It's A Thin Line!
You and I now live in a world where complaints and allegations about this or that are commonplace.
There are complaints about your practice, about things you do and have neglected to do. As well as allegations made which have the potential to result in seriously jeopardising your livelihood.
Allegations and complaints then can have a powerful impact on you as a practitioner. They are undoubtedly upsetting and consequently your initial reaction is likely to be one of shock and anger.
“Why the hell has this happened to me?”
You might ask as your mind and emotions flail around for a while, trying to come to terms with the seriousness of the situation and deal with your frustration, anger and fear.
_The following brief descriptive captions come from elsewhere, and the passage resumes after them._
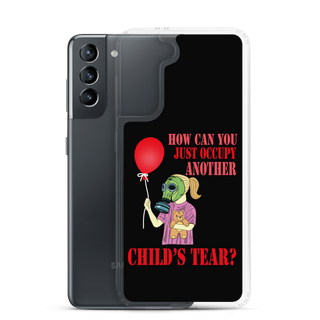 Child’s Tear Clear Case for Samsung®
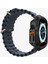 Apple Watch 49mm (Ultra 2/1) Kılıf Lock Fit Black - ACS06208 2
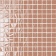 20084 Мозаика Темари коричневый светлый 29,8x29,8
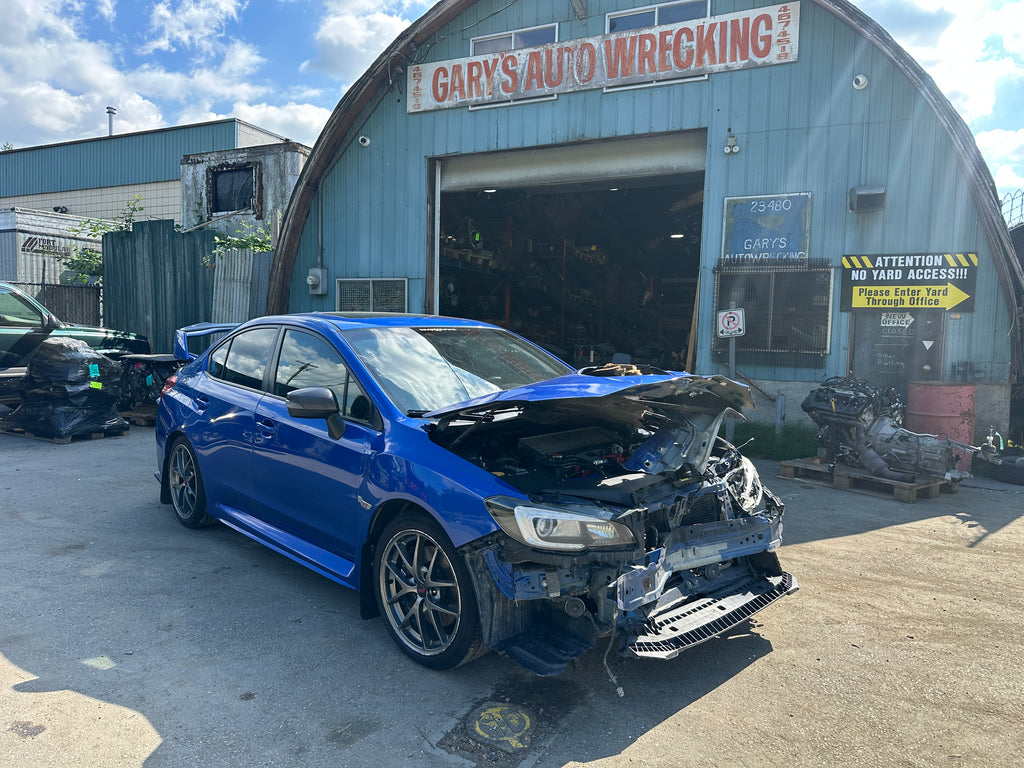 2016 Subaru WRX STI 2.5 – SU2504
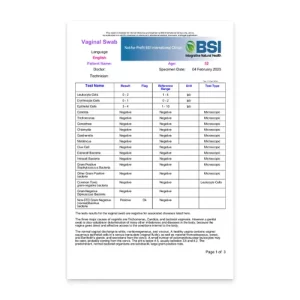 Vaginal Swab
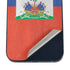 Haitian Flag Distressed iPhone 17 Skin
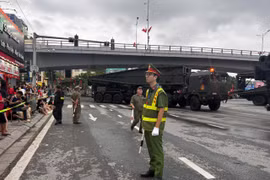 Quyết liệt triển khai cao điểm bảo đảm an ninh, trật tự dịp Quốc khánh 2-9 và Đại hội Đảng các cấp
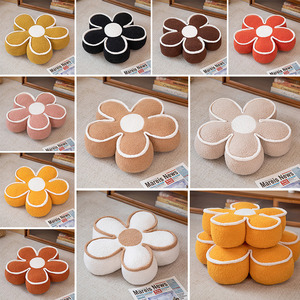 JY lindo cojín de flores ecológico almohadilla de trasero para silla de estudiante patrón de girasol dormitorio sala de estar sofá y ventana de Bahía - Product Image 4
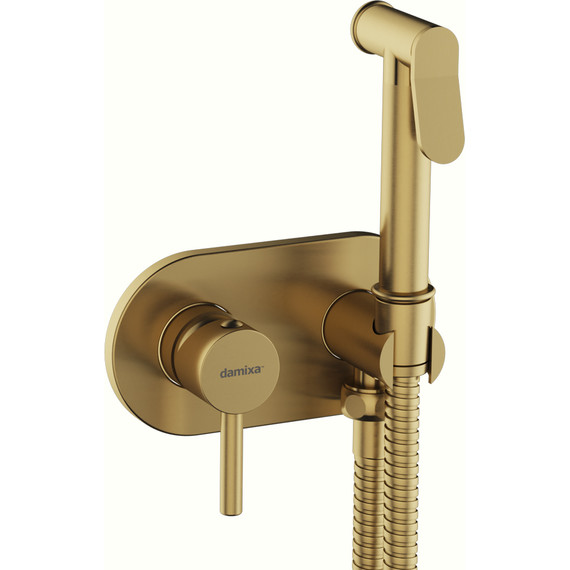 Набор для гигиенического душа Damixa Option 214000000, бронза - фото 2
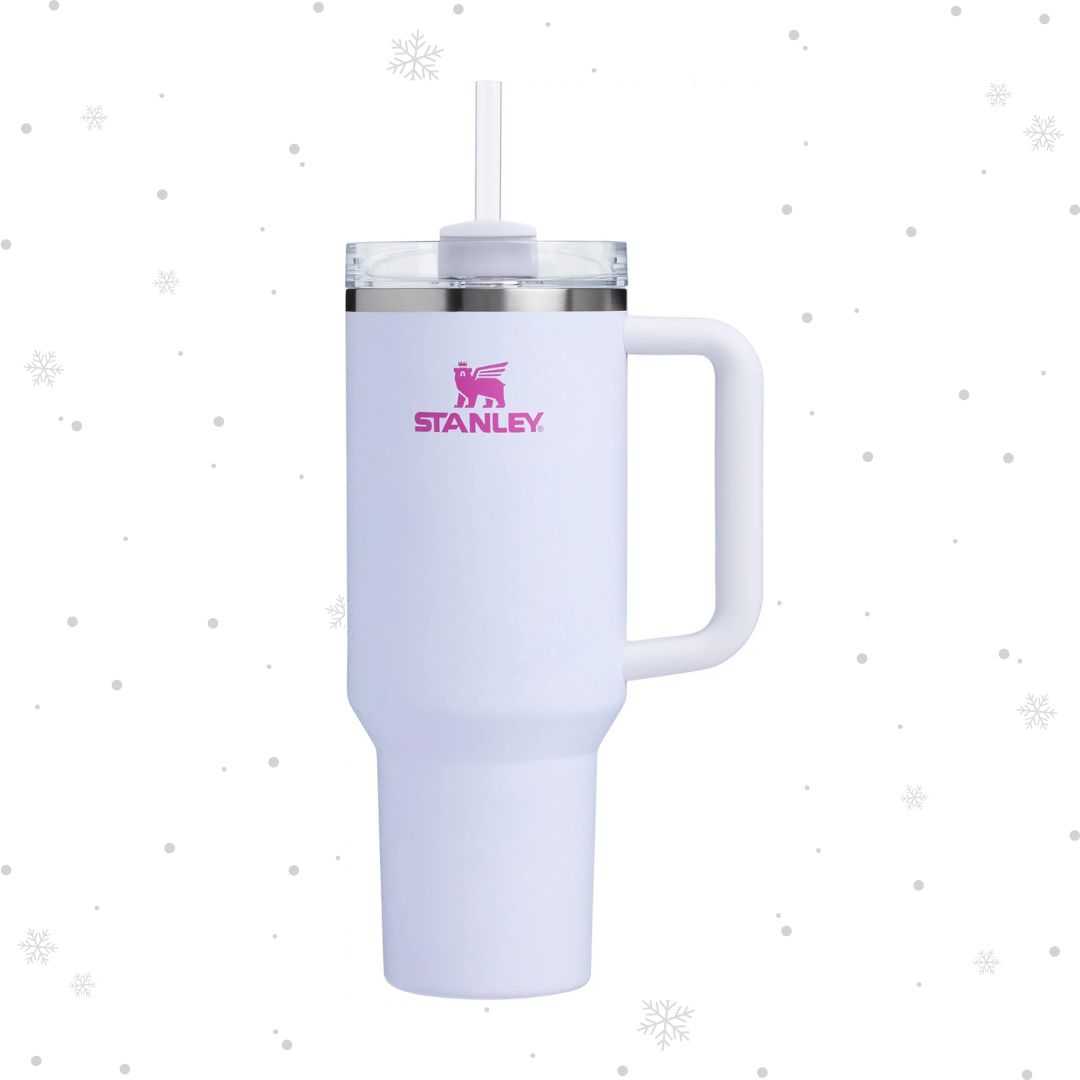 Stanley x Dicks Quencher H2.0 FlowState Tumbler สี Crystal Crush ขนาด 30oz จากอเมริกา พร้อมส่ง
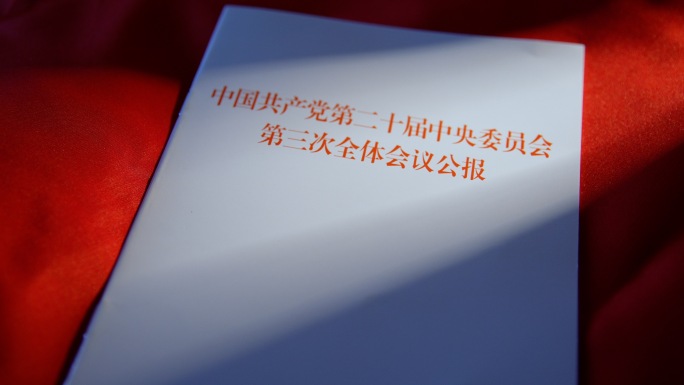 第二十届三中全会公报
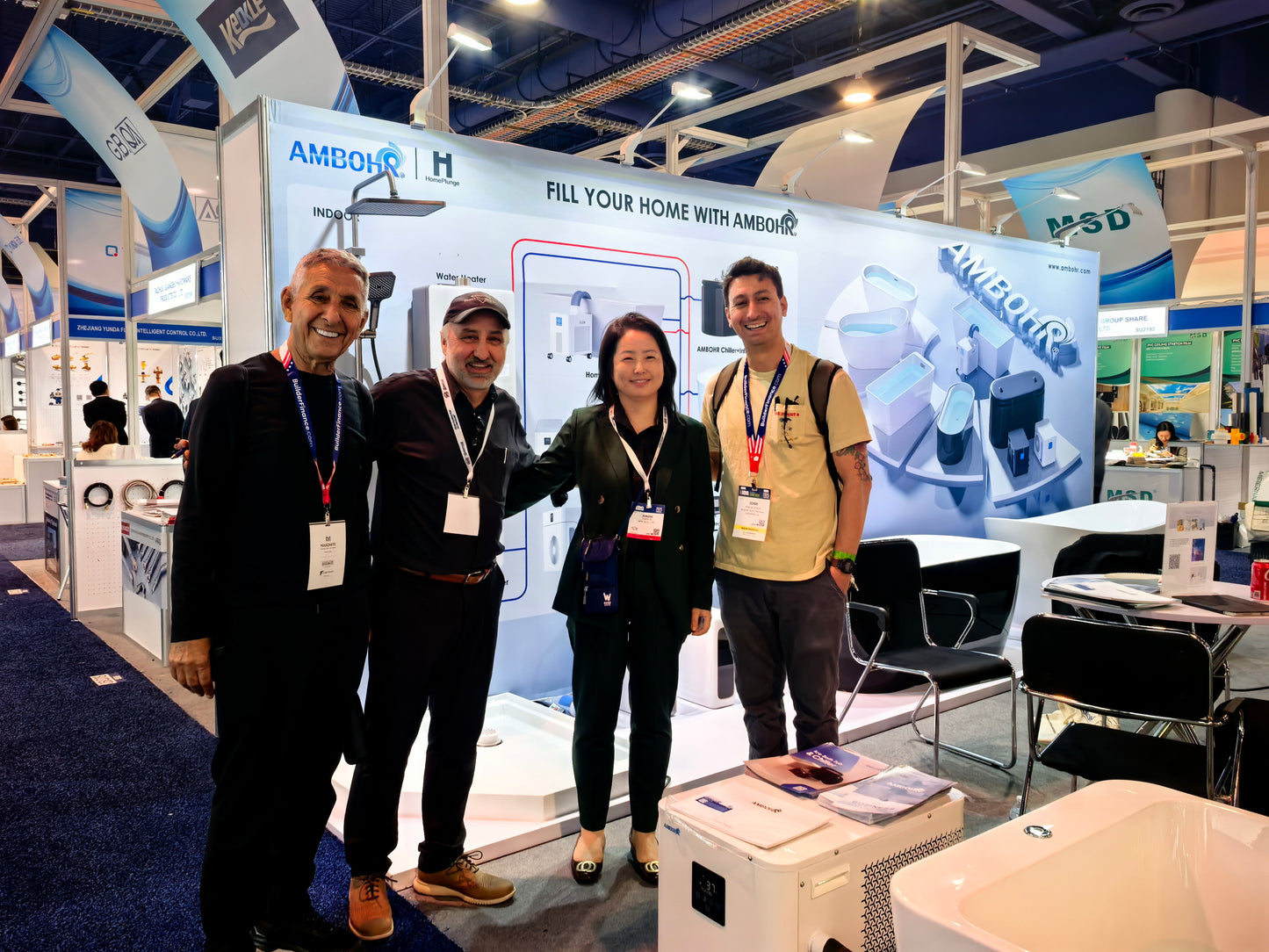 For Closing Deals at In-Person Exhibitions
Eventually you realise you have to calm yourself down, absorb the reality of the situation and begin to get your head round whatever you need to do to effectively argue your case and protect yourself.
It’s never an easy predicament to be in, as anyone who has been in that position will testify. But sooner or later you recognise you have to decide as best you can to put your feelings to one side and focus on the complaint or allegation made about you.
It helps to have the capacity to look at the complaint dispassionately. This entails really considering the complaint, but also being mindful of your duties, time pressures, including the demands of your role and the environment you are working in.
Let’s say, for example, that you have been accused of ignoring a client’s wishes and being dictatorial, and you know that’s one of the last ways you would ever want to be, or to come across as such.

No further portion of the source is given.